Prompt:
Somewhere below are a line with "Four-wheel disc brakes" and a later line with "Take a ride". Output exactly those lines and all lines between them.

Source material:
-=-=-

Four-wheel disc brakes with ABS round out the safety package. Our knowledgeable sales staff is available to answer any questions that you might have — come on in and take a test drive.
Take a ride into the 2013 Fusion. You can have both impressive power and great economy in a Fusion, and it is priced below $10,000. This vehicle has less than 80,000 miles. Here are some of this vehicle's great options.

-=-=-

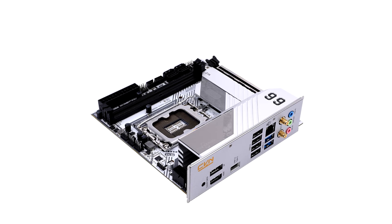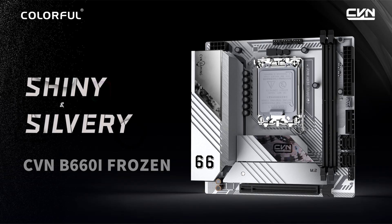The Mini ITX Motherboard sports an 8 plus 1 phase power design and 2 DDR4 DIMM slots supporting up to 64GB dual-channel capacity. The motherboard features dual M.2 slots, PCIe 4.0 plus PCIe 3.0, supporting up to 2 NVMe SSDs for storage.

-=-=-

Solution below:
Four-wheel disc brakes with ABS round out the safety package. Our knowledgeable sales staff is available to answer any questions that you might have — come on in and take a test drive.
Take a ride into the 2013 Fusion. You can have both impressive power and great economy in a Fusion, and it is priced below $10,000. This vehicle has less than 80,000 miles. Here are some of this vehicle's great options.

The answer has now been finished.